• Exercise objective: Copy all of the material below, line for line.

^^^^^^^^

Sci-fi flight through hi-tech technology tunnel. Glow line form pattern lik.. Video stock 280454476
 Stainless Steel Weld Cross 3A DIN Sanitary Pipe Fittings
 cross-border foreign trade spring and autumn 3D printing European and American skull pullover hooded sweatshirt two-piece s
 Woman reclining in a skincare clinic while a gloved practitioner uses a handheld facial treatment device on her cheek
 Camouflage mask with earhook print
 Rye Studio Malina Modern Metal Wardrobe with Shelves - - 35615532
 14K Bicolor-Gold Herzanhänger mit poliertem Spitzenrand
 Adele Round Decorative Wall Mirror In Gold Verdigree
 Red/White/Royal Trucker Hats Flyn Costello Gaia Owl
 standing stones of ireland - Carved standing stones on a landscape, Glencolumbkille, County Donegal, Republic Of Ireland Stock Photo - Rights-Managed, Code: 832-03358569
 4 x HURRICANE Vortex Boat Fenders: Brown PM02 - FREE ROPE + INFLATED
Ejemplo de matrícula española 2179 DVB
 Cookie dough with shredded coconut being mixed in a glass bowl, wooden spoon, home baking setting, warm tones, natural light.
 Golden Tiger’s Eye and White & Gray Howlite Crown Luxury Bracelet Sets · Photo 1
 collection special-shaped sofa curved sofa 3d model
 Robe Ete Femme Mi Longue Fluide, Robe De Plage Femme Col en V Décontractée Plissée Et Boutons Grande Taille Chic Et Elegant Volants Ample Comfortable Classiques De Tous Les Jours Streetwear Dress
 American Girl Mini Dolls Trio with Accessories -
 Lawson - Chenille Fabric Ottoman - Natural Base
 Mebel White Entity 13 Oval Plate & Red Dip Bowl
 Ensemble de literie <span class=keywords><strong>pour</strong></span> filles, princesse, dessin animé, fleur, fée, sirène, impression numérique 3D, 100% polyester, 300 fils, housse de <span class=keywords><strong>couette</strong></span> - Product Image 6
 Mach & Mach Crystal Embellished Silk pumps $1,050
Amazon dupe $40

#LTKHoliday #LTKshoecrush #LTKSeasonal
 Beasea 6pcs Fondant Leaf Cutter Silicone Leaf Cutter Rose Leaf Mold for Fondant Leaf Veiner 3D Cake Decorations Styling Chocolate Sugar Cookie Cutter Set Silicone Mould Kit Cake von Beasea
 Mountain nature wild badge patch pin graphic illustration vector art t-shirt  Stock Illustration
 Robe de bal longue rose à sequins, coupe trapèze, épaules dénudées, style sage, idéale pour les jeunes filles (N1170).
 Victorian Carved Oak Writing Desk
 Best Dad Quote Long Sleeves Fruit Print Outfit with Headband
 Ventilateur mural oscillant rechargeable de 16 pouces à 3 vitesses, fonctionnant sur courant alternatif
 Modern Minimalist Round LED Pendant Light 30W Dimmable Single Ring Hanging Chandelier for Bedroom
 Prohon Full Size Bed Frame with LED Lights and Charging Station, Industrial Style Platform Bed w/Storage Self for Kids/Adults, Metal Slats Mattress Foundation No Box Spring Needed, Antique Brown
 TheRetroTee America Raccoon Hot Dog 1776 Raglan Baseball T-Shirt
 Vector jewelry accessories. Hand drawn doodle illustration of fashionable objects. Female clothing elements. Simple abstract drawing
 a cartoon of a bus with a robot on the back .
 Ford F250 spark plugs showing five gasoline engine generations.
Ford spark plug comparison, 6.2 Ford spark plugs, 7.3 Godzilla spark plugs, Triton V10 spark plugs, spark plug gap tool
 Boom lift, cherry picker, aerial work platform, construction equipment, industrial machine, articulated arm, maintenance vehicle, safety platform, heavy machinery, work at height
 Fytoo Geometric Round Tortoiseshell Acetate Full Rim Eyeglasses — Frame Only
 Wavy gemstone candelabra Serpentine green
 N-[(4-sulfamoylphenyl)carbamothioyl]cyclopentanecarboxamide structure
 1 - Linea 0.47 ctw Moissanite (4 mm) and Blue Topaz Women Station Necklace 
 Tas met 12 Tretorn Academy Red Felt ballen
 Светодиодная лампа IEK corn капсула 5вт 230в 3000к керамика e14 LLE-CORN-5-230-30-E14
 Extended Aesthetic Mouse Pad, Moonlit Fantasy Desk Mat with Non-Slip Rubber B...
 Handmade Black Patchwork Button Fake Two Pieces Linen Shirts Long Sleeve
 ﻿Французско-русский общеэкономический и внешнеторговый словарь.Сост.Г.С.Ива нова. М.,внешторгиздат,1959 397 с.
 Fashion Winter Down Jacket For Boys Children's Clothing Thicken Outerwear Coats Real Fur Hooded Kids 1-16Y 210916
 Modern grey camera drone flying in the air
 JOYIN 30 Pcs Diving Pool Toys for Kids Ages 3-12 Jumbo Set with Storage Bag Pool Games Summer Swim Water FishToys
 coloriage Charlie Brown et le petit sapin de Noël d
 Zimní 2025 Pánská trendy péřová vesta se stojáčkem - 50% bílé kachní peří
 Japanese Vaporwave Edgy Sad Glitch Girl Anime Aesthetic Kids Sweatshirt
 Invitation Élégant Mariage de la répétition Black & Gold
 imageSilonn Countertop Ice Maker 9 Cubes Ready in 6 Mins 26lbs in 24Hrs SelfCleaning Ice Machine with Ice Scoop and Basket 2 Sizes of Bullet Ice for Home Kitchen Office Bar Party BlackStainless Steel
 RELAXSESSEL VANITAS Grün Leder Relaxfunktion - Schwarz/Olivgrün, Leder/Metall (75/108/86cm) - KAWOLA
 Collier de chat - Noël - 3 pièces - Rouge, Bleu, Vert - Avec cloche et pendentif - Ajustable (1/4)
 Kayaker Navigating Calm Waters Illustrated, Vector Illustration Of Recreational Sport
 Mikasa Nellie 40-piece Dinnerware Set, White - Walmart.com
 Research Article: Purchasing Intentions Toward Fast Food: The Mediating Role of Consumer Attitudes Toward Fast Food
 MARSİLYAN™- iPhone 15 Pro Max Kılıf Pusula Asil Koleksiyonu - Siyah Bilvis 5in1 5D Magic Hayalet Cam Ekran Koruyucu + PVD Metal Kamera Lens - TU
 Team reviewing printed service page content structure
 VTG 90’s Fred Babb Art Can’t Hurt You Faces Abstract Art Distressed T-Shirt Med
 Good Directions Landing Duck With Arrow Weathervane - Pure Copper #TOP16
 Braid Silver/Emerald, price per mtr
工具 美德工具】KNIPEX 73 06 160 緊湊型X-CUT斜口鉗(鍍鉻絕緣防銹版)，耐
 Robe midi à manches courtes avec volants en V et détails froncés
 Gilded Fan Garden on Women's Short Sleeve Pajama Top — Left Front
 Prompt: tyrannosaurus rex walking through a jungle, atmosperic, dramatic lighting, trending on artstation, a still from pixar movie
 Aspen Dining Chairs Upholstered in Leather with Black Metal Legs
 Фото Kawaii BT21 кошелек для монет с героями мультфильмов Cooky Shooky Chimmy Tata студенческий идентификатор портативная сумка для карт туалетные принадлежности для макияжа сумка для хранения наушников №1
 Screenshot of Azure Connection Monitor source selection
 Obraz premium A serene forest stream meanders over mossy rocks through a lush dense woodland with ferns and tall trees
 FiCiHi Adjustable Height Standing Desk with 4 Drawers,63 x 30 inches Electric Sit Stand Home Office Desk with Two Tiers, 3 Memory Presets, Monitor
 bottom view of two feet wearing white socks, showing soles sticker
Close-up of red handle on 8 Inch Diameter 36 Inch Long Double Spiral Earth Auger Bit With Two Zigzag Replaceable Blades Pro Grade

^^^^^^^^

• Solution for this exercise:
Sci-fi flight through hi-tech technology tunnel. Glow line form pattern lik.. Video stock 280454476
 Stainless Steel Weld Cross 3A DIN Sanitary Pipe Fittings
 cross-border foreign trade spring and autumn 3D printing European and American skull pullover hooded sweatshirt two-piece s
 Woman reclining in a skincare clinic while a gloved practitioner uses a handheld facial treatment device on her cheek
 Camouflage mask with earhook print
 Rye Studio Malina Modern Metal Wardrobe with Shelves - - 35615532
 14K Bicolor-Gold Herzanhänger mit poliertem Spitzenrand
 Adele Round Decorative Wall Mirror In Gold Verdigree
 Red/White/Royal Trucker Hats Flyn Costello Gaia Owl
 standing stones of ireland - Carved standing stones on a landscape, Glencolumbkille, County Donegal, Republic Of Ireland Stock Photo - Rights-Managed, Code: 832-03358569
 4 x HURRICANE Vortex Boat Fenders: Brown PM02 - FREE ROPE + INFLATED
Ejemplo de matrícula española 2179 DVB
 Cookie dough with shredded coconut being mixed in a glass bowl, wooden spoon, home baking setting, warm tones, natural light.
 Golden Tiger’s Eye and White & Gray Howlite Crown Luxury Bracelet Sets · Photo 1
 collection special-shaped sofa curved sofa 3d model
 Robe Ete Femme Mi Longue Fluide, Robe De Plage Femme Col en V Décontractée Plissée Et Boutons Grande Taille Chic Et Elegant Volants Ample Comfortable Classiques De Tous Les Jours Streetwear Dress
 American Girl Mini Dolls Trio with Accessories -
 Lawson - Chenille Fabric Ottoman - Natural Base
 Mebel White Entity 13 Oval Plate & Red Dip Bowl
 Ensemble de literie <span class=keywords><strong>pour</strong></span> filles, princesse, dessin animé, fleur, fée, sirène, impression numérique 3D, 100% polyester, 300 fils, housse de <span class=keywords><strong>couette</strong></span> - Product Image 6
 Mach & Mach Crystal Embellished Silk pumps $1,050
Amazon dupe $40

#LTKHoliday #LTKshoecrush #LTKSeasonal
 Beasea 6pcs Fondant Leaf Cutter Silicone Leaf Cutter Rose Leaf Mold for Fondant Leaf Veiner 3D Cake Decorations Styling Chocolate Sugar Cookie Cutter Set Silicone Mould Kit Cake von Beasea
 Mountain nature wild badge patch pin graphic illustration vector art t-shirt  Stock Illustration
 Robe de bal longue rose à sequins, coupe trapèze, épaules dénudées, style sage, idéale pour les jeunes filles (N1170).
 Victorian Carved Oak Writing Desk
 Best Dad Quote Long Sleeves Fruit Print Outfit with Headband
 Ventilateur mural oscillant rechargeable de 16 pouces à 3 vitesses, fonctionnant sur courant alternatif
 Modern Minimalist Round LED Pendant Light 30W Dimmable Single Ring Hanging Chandelier for Bedroom
 Prohon Full Size Bed Frame with LED Lights and Charging Station, Industrial Style Platform Bed w/Storage Self for Kids/Adults, Metal Slats Mattress Foundation No Box Spring Needed, Antique Brown
 TheRetroTee America Raccoon Hot Dog 1776 Raglan Baseball T-Shirt
 Vector jewelry accessories. Hand drawn doodle illustration of fashionable objects. Female clothing elements. Simple abstract drawing
 a cartoon of a bus with a robot on the back .
 Ford F250 spark plugs showing five gasoline engine generations.
Ford spark plug comparison, 6.2 Ford spark plugs, 7.3 Godzilla spark plugs, Triton V10 spark plugs, spark plug gap tool
 Boom lift, cherry picker, aerial work platform, construction equipment, industrial machine, articulated arm, maintenance vehicle, safety platform, heavy machinery, work at height
 Fytoo Geometric Round Tortoiseshell Acetate Full Rim Eyeglasses — Frame Only
 Wavy gemstone candelabra Serpentine green
 N-[(4-sulfamoylphenyl)carbamothioyl]cyclopentanecarboxamide structure
 1 - Linea 0.47 ctw Moissanite (4 mm) and Blue Topaz Women Station Necklace 
 Tas met 12 Tretorn Academy Red Felt ballen
 Светодиодная лампа IEK corn капсула 5вт 230в 3000к керамика e14 LLE-CORN-5-230-30-E14
 Extended Aesthetic Mouse Pad, Moonlit Fantasy Desk Mat with Non-Slip Rubber B...
 Handmade Black Patchwork Button Fake Two Pieces Linen Shirts Long Sleeve
 ﻿Французско-русский общеэкономический и внешнеторговый словарь.Сост.Г.С.Ива нова. М.,внешторгиздат,1959 397 с.
 Fashion Winter Down Jacket For Boys Children's Clothing Thicken Outerwear Coats Real Fur Hooded Kids 1-16Y 210916
 Modern grey camera drone flying in the air
 JOYIN 30 Pcs Diving Pool Toys for Kids Ages 3-12 Jumbo Set with Storage Bag Pool Games Summer Swim Water FishToys
 coloriage Charlie Brown et le petit sapin de Noël d
 Zimní 2025 Pánská trendy péřová vesta se stojáčkem - 50% bílé kachní peří
 Japanese Vaporwave Edgy Sad Glitch Girl Anime Aesthetic Kids Sweatshirt
 Invitation Élégant Mariage de la répétition Black & Gold
 imageSilonn Countertop Ice Maker 9 Cubes Ready in 6 Mins 26lbs in 24Hrs SelfCleaning Ice Machine with Ice Scoop and Basket 2 Sizes of Bullet Ice for Home Kitchen Office Bar Party BlackStainless Steel
 RELAXSESSEL VANITAS Grün Leder Relaxfunktion - Schwarz/Olivgrün, Leder/Metall (75/108/86cm) - KAWOLA
 Collier de chat - Noël - 3 pièces - Rouge, Bleu, Vert - Avec cloche et pendentif - Ajustable (1/4)
 Kayaker Navigating Calm Waters Illustrated, Vector Illustration Of Recreational Sport
 Mikasa Nellie 40-piece Dinnerware Set, White - Walmart.com
 Research Article: Purchasing Intentions Toward Fast Food: The Mediating Role of Consumer Attitudes Toward Fast Food
 MARSİLYAN™- iPhone 15 Pro Max Kılıf Pusula Asil Koleksiyonu - Siyah Bilvis 5in1 5D Magic Hayalet Cam Ekran Koruyucu + PVD Metal Kamera Lens - TU
 Team reviewing printed service page content structure
 VTG 90’s Fred Babb Art Can’t Hurt You Faces Abstract Art Distressed T-Shirt Med
 Good Directions Landing Duck With Arrow Weathervane - Pure Copper #TOP16
 Braid Silver/Emerald, price per mtr
工具 美德工具】KNIPEX 73 06 160 緊湊型X-CUT斜口鉗(鍍鉻絕緣防銹版)，耐
 Robe midi à manches courtes avec volants en V et détails froncés
 Gilded Fan Garden on Women's Short Sleeve Pajama Top — Left Front
 Prompt: tyrannosaurus rex walking through a jungle, atmosperic, dramatic lighting, trending on artstation, a still from pixar movie
 Aspen Dining Chairs Upholstered in Leather with Black Metal Legs
 Фото Kawaii BT21 кошелек для монет с героями мультфильмов Cooky Shooky Chimmy Tata студенческий идентификатор портативная сумка для карт туалетные принадлежности для макияжа сумка для хранения наушников №1
 Screenshot of Azure Connection Monitor source selection
 Obraz premium A serene forest stream meanders over mossy rocks through a lush dense woodland with ferns and tall trees
 FiCiHi Adjustable Height Standing Desk with 4 Drawers,63 x 30 inches Electric Sit Stand Home Office Desk with Two Tiers, 3 Memory Presets, Monitor
 bottom view of two feet wearing white socks, showing soles sticker
Close-up of red handle on 8 Inch Diameter 36 Inch Long Double Spiral Earth Auger Bit With Two Zigzag Replaceable Blades Pro Grade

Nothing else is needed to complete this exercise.